The traditional direct link of most importance to APRA is that with the RBNZ, the prudential supervisor of banks and insurance companies in New Zealand. The importance flows from the high degree of interconnectedness between the Australian and New Zealand financial systems. APRA has a strong cooperative working relationship with the RBNZ on a range of supervisory issues. There is regular liaison on matters relating to the supervision of the major Australian banks, including regular information exchange and coordination of supervisory activities where appropriate. Cooperation has extended to the supervision of insurance, as the RBNZ takes on its new role in this area; an APRA officer was seconded to the RBNZ for much of the year to help build its insurance supervision team and processes.

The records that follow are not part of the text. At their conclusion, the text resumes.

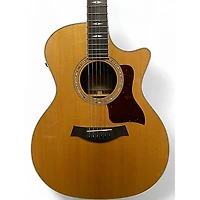 Used Taylor 814CE Natural Acoustic Electric Guitar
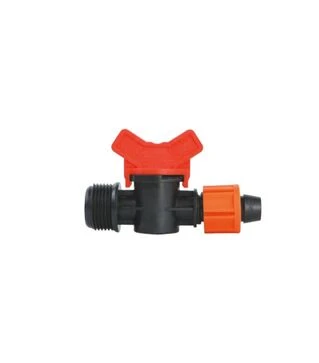 Кран Flora для капельной ленты &Oslash;16мм с/с 3/4" (5079644)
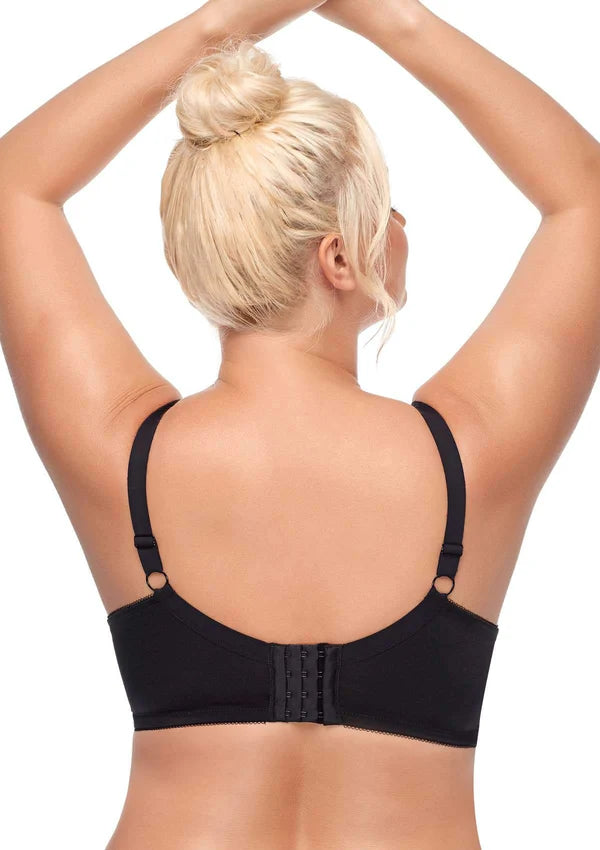 Enchante Unlined Non-padded Lace Underwire Bra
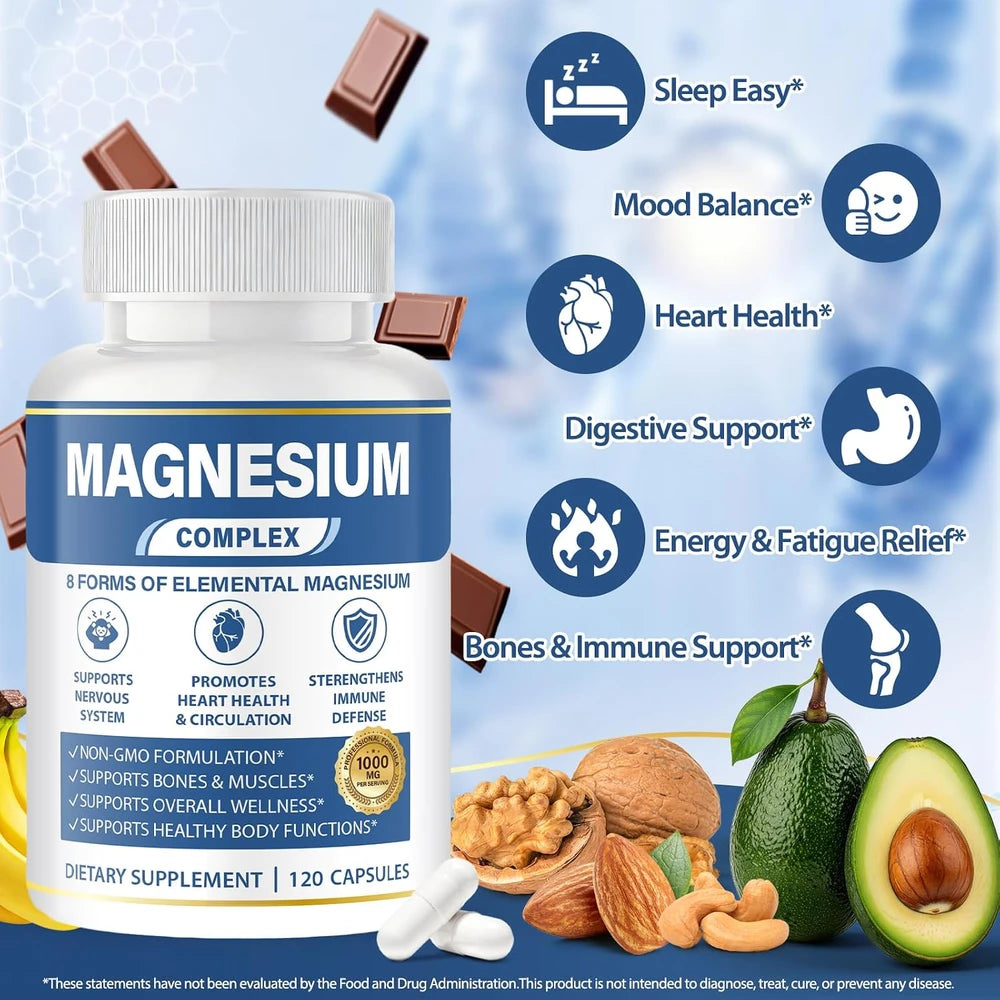 Magnesium Complex for Muscle Cramp Relief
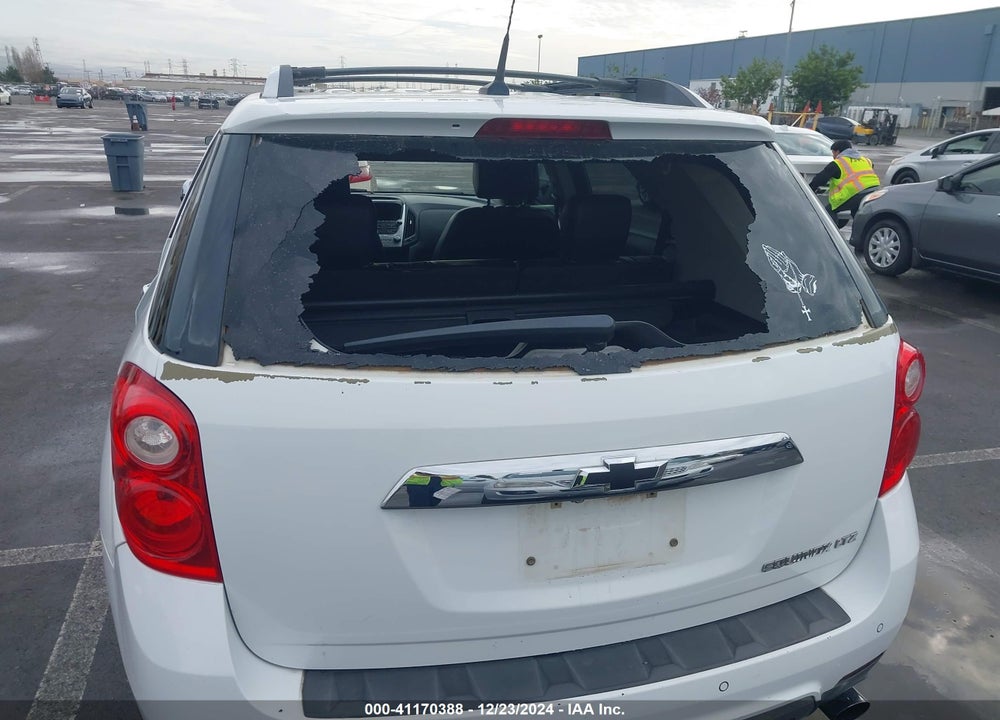 2014 CHEVROLET EQUINOX LTZ VIN: 2GNFLDE30E6145315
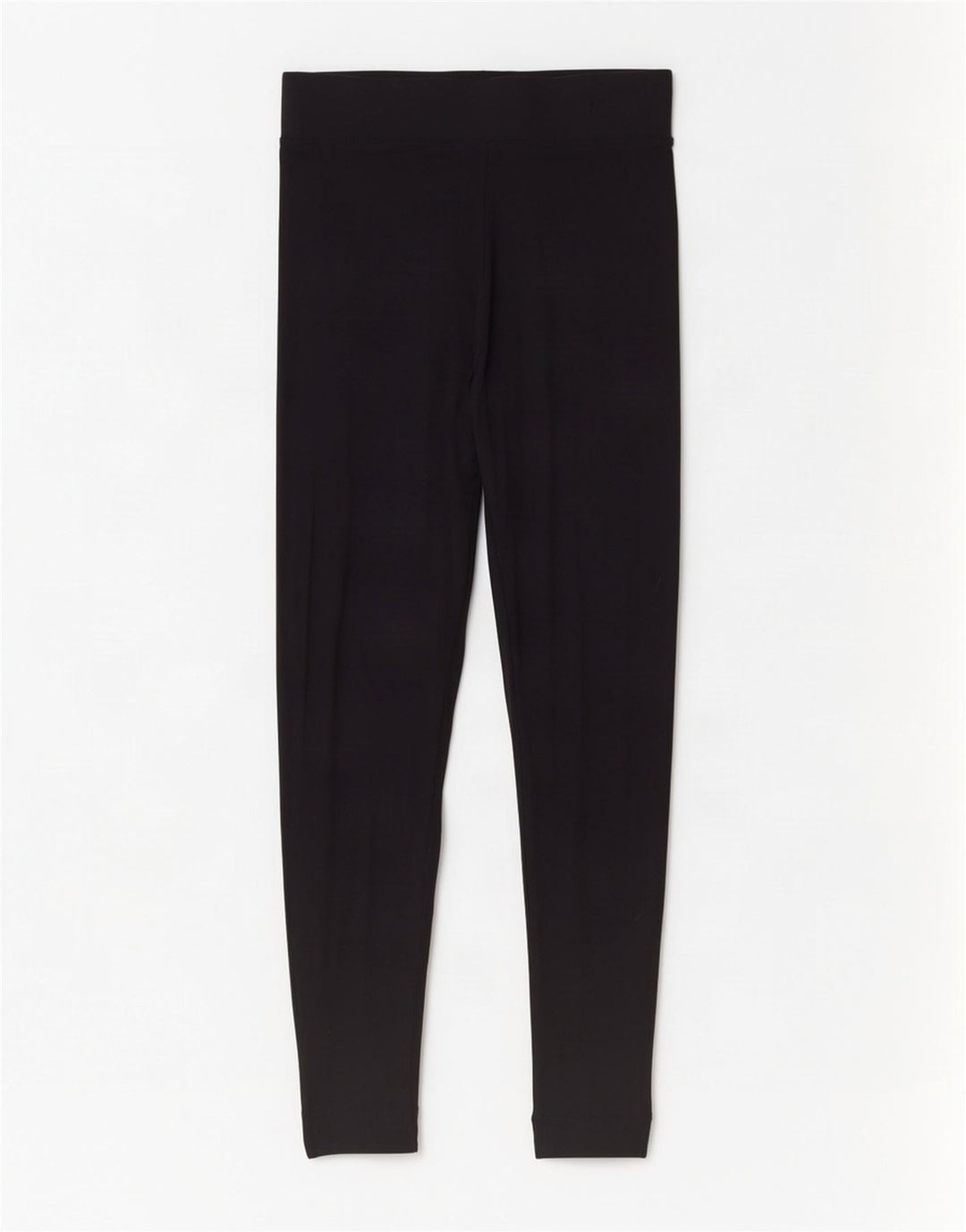 Marks & Spencer Damen Leggings UK 18 XL Schwarze Viskose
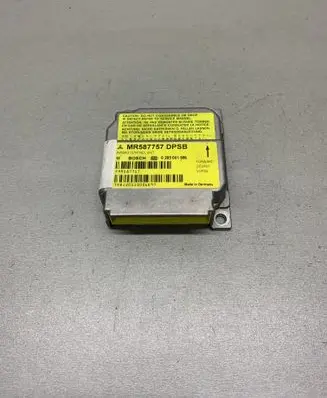 Mitsubishi Colt Airbag control unit/module MR587757DPSB 0285001686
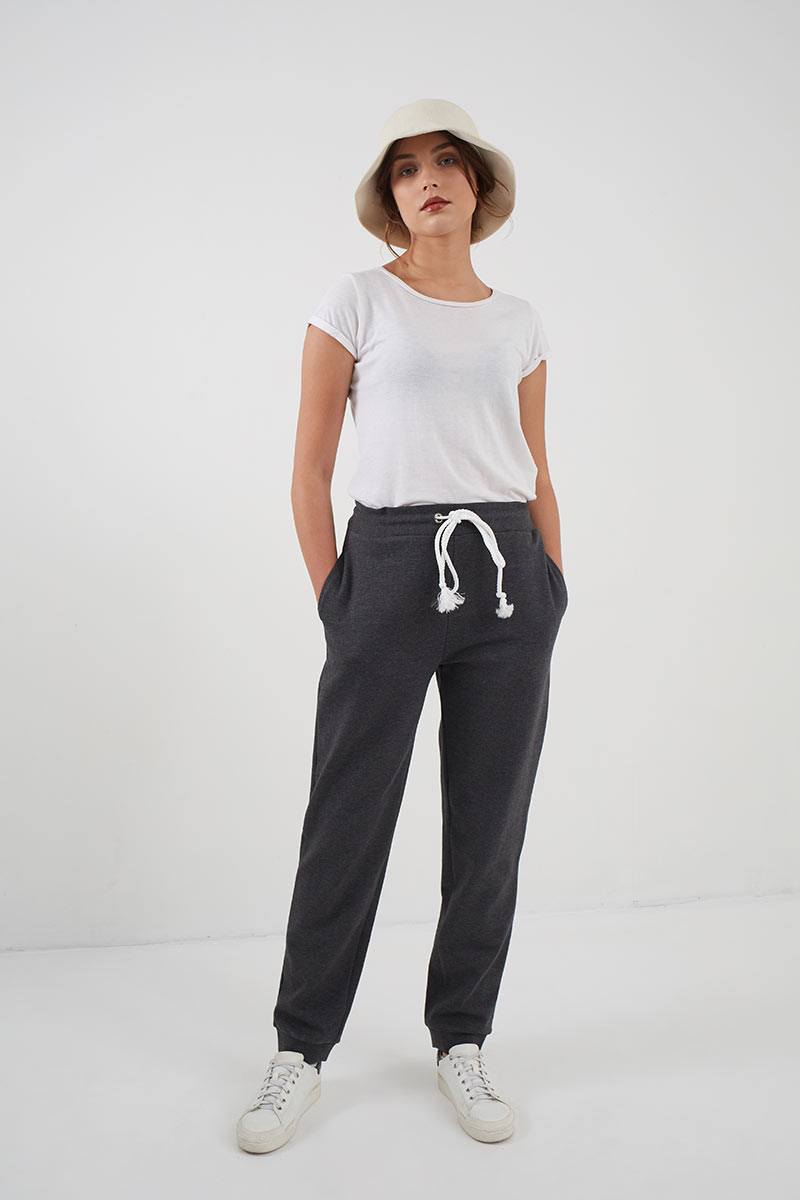 Sell Rosalva Jogger Pants Gray Long 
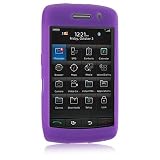 New Purple Color Blackberry 9500 9530 Storm Silicone Skin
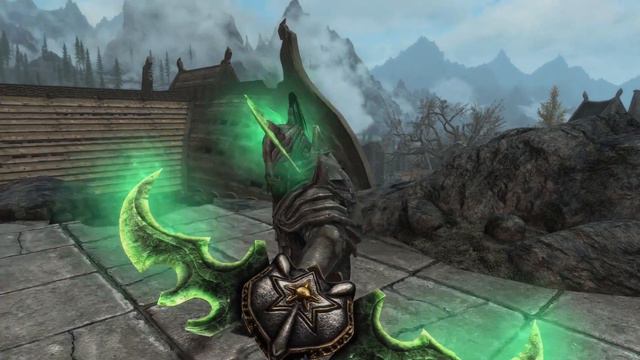 WARGLAIVE OF AZZINOTH: Weapon Mod!!- Xbox Modded Skyrim Mod Showcase смотреть онлайн
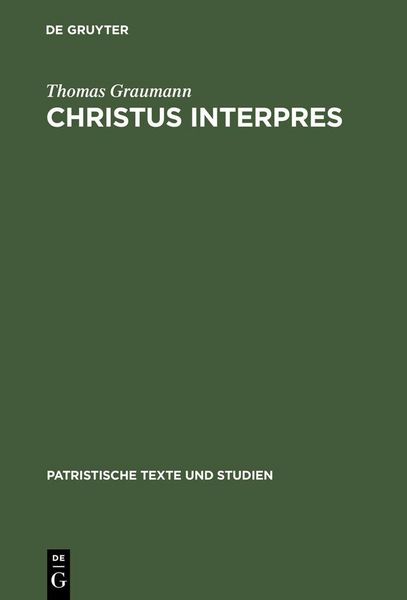 Produktbild: Christus interpres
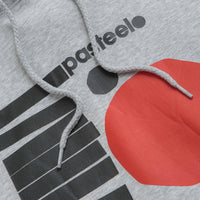 Pasteelo Jazzy Hoodie - Heather Grey thumbnail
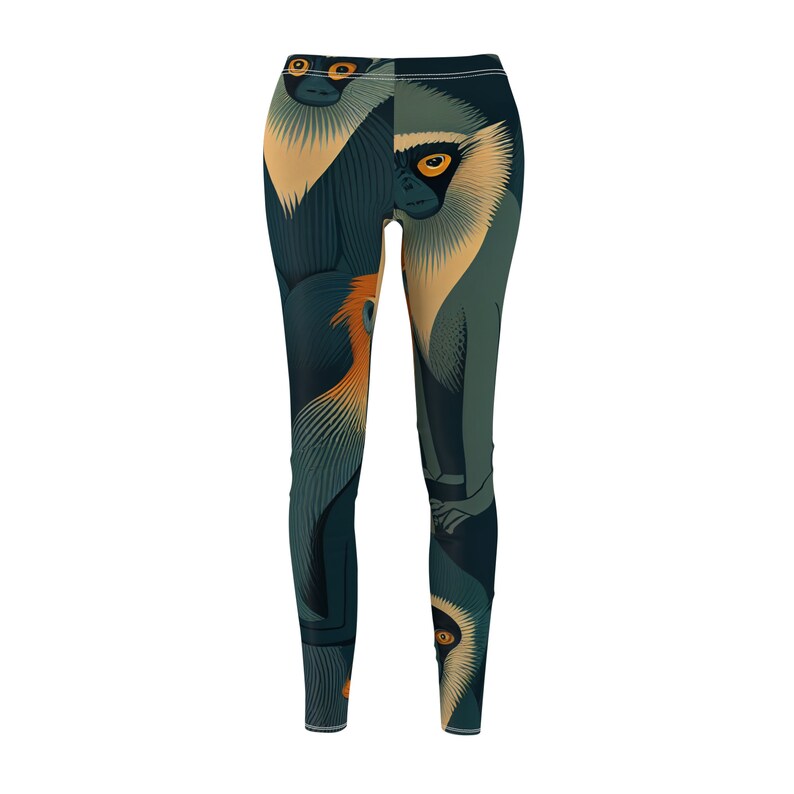 Monkey Trippy Psychedelic Women's Leggings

Over recent years, APRA and the RBNZ, together with other members of the Trans-Tasman Council on Banking Supervision (the RBA and the Australian and New Zealand Treasuries), have given high priority to the detection of emerging stress in trans-Tasman banks. Considerable work has gone into the development of a structured approach to the handling of any episode of trans-Tasman financial distress. In this context, the Trans-Tasman Council agencies, together with ASIC, have entered into a Memorandum of Cooperation on Trans-Tasman Bank Distress Management. The Memorandum sets out high-level principles to which agencies will have regard when faced with financial distress involving banks with significant operations in Australia and New Zealand.
The Memorandum represents a non-binding understanding on how cooperation will be promoted in respect of all stages of crisis resolution, including problem identification, information sharing, systemic impact analysis, assessment of response options, implementation of measures to resolve a crisis and public communications. Notwithstanding this Memorandum, the Trans-Tasman Council agencies recognise that the exact nature of any response by the respective governments and their agencies will always depend on the specifics of a particular situation. In the first instance, both countries will look to the private sector for solutions to financial distress affecting trans-Tasman banking groups.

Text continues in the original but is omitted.